Cela faisait longtemps que je n’avais pas vu Thurston Moore sur scène. Ça datait de Sonic Youth et cela devait être en 99 ou 2000 dans le cadre d’un festival (il y avait les Beastie Boys aussi) au Zénith de Nancy. Trop longtemps. Du coup, son dernier album, Rock’n Roll Consciousness (chronique ici), souvent inspiré, m’avait donné envie de revoir l’ex-leader de Sonic Youth avec ses nouveaux musiciens. Ce concert programmé à Nancy, à L’Autre Canal, tombait donc à pic !

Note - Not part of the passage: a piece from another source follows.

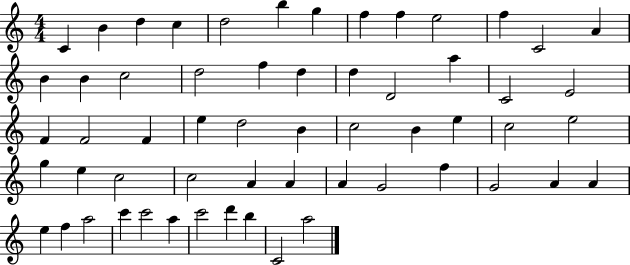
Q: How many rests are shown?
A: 0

J’arrive à la salle un peu en avance, assez en tout cas pour voir la première partie. Les roadies font les derniers réglages et à 21 heures pétantes, surprise, c’est notre grand échalas new-yorkais préféré qui déboule sur scène ! Je ne suis pas le seul à être étonné de cet horaire très « parisien » mais tout le monde est aux anges. Pas le temps d’ailleurs de se demander le pourquoi du comment puisque Moore égrène déjà quelques arpèges pour lancer Cease Fire (un morceau issu des sessions d’enregistrement de Rock’n Roll Consciousness mais uniquement disponible en téléchargement grâce à un coupon inséré dans la version vinyle). Très bonne entrée en matière pendant laquelle on observe, bien sûr, les petits nouveaux. Car si le fidèle Steve Shelley est toujours derrière les fûts, c’est Deb Googe et James Sedwards qui tiennent désormais respectivement la basse et la deuxième guitare. Et chacun dans le public y va de son petit commentaire à leur sujet. Certains trouvent par exemple que le jeu de l’ex-My Bloody Valentine est plus punk que celui de Kim Gordon. Bien vu. En tout cas, Googe restera très proche de Shelley tout au long du concert, à l’ancienne, pour que la section rythmique fasse corps. Quant à James Sedwards, sa complicité avec Moore est déjà évidente. Et techniquement, le mec est fort. Mais comme sur disque, on se serait bien passé de ces quelques solos façon guitar hero…Et même si le grand Thurston lui a confié la guitare lead, on sent que le gars ne veut pas trop tirer la couverture à lui. Le frontman, c’est Moore. Et puis ce n’est visiblement pas dans son caractère. D’ailleurs, Sedwards passera le plus clair du set les yeux fermés.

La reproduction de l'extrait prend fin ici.